Statistical Validity
Statistical validity in link-tracing designs is obtained by adjusting for two biases that are caused by the fact that we are traversing a network rather than randomly sampling from the population:
- Popularity bias: Individuals who know many other individuals are more likely to be recruited than people with few social connections.
- Seed bias: Selection of starting individuals (seeds) from which the link tracing proceeds may be biased. If there is a tendency for individuals to be connected with others similar to themselves (homophily), this bias can persist to subsequent individuals recruited.
Adjusting for popularity bias
Popularity bias can be adjusted for by down-weighting the values of popular individuals and up-weighting those of less popular individuals. Every commonly used RDS estimator, Salganik-Heckathorn (RDS-I), Volz-Heckathorn (RDS-II), Gile’s Successive Sampling (SS), and the Homophily Configuration Graph (HCG) estimator, adjusts for popularity bias in this way, using each participant’s reported social network size (degree).
Addressing seed bias
Seed bias can be addressed in three ways:
1. Long recruitment chains
Start with few seeds and have long recruitment chains so that most of the sample is far from their initial seed. Once a chain is so far from its initial seed that individuals are essentially uncorrelated with the seed, the chain has reached equilibrium. At equilibrium there is no seed bias.
This is the traditional RDS strategy, and it requires both that participants be willing to make multiple referrals and that there be sufficient time and budget to allow chains to grow long enough to converge.
2. Seeds drawn at random from the population
If seeds can be drawn as a random sample from the population, then the seeds themselves are unbiased, and there is therefore no seed bias in subsequently recruited individuals. This is equivalent to starting the recruitment chain already at equilibrium.
In practice this is rarely achievable for hidden or stigmatized populations, since drawing a random sample requires a sampling frame, exactly what link-tracing was developed to work around. The exception is when we start the chains from individuals selected from a previous sampling process. This might include a previous RDS survey or an initial Time-Location Sampling stage (as in Starfish).
3. Robust estimators
The Homophily Configuration Graph (HCG) and Salganik-Heckathorn (RDS-I) estimators have been shown to be robust to seed bias (Fellows 2018). If these estimators are used, seed bias can be mitigated. It is important to note that this adjustment requires underlying network assumptions that are risky to take for granted. That said, these estimators are recommended when seed bias is of concern.
By contrast, Gile’s Successive Sampling and Volz-Heckathorn (RDS-II) only adjust for popularity bias and remain biased when seeds are biased.
Seed-bias reduction strategies by method
| Method | Long recruitment chains | Seeds start at equilibrium | Robust estimators |
|---|---|---|---|
| SALT | ✅ | ✅* | With HCG or RDS-I |
| RDS | ✅ | ❌ | With HCG or RDS-I |
| Starfish | ❌ | ✅ | ❌ |
| BBS-lite | ❌ | ❌ | With HCG or RDS-I |
| Snowball | ❌ | ❌ | ❌ |
* Initial seeds in SALT are not at equilibrium, but those selected for re-recruitment via the optional continuous-sampling recruitment pool are.
SALT Software
The SALT software can be used with any of the sampling designs where recruitment chains are tracked (SALT Sampling, RDS, Starfish, and BBS-lite).

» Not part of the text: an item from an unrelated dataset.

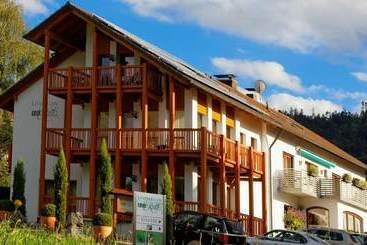 فندق Landpension Haus Ruth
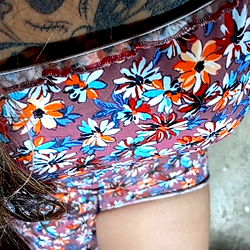 Chikis Flow Model Photograph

The statistical rigor of the study, and hence the statistical validity of its results, depends on how well the implemented design addresses the sources of bias inherent in link-tracing designs. For example, a study with long chains will generally be better than one with short chains, and one that starts from equilibrium will generally be better than one started from biased seeds.
How SALT Sampling applies these strategies
SALT is designed to apply all three strategies simultaneously:
- Long chains: Because SALT is continuous rather than time-boxed, chains can grow long over months or years, well past the point at which traditional RDS studies stop.

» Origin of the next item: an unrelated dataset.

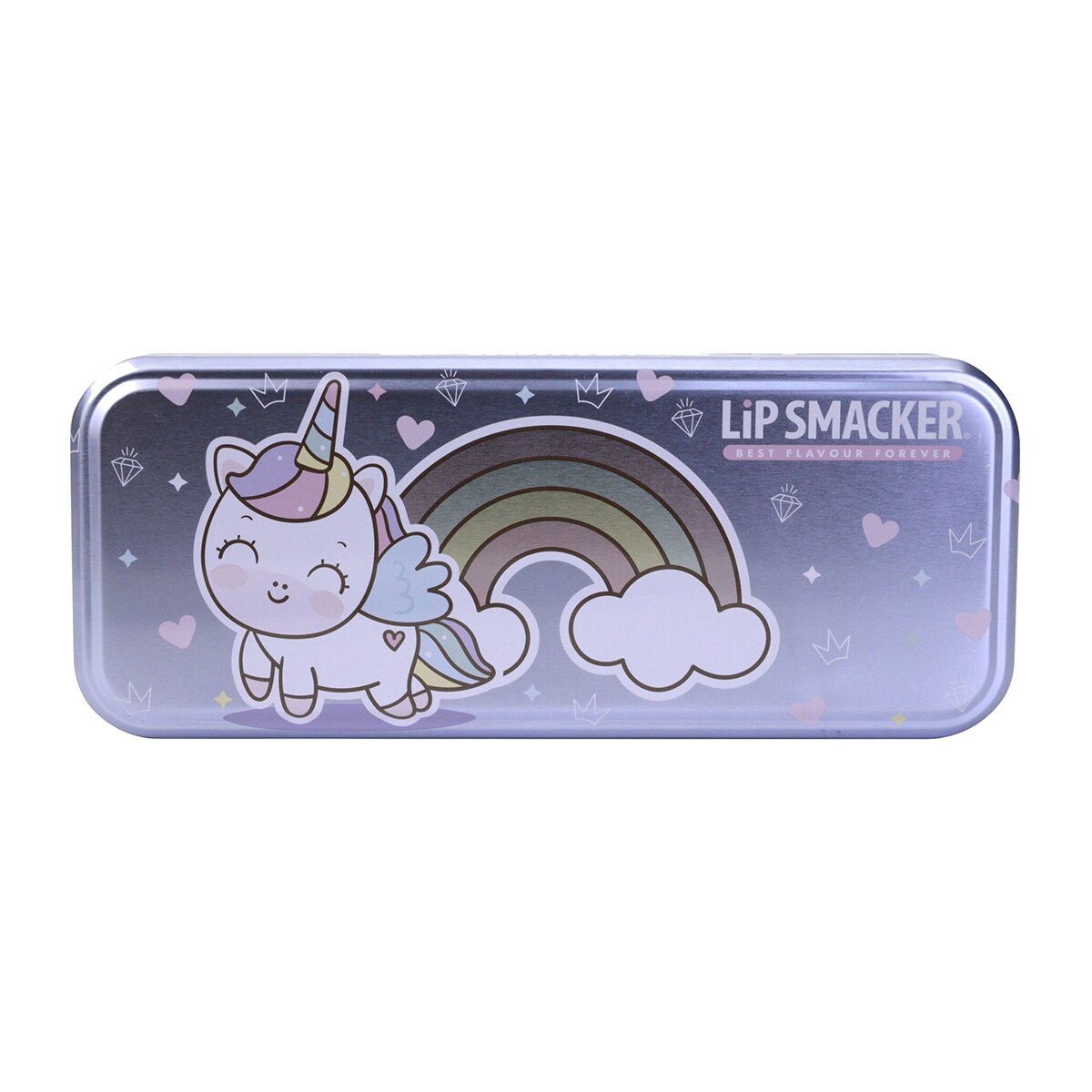 Estuche de maquillaje Triple Layer Beauty Tin - Unicorn 1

- Seeds drawn from the recruitment pool: When chains run dry, SALT does not restart with new convenience seeds. Instead the next “seed” is drawn from the recruitment pool, the running list of participants who have already been enrolled. Once the pool has filled with link-traced participants, drawing from it is equivalent to drawing from an equilibrium chain, so the new seed carries no bias.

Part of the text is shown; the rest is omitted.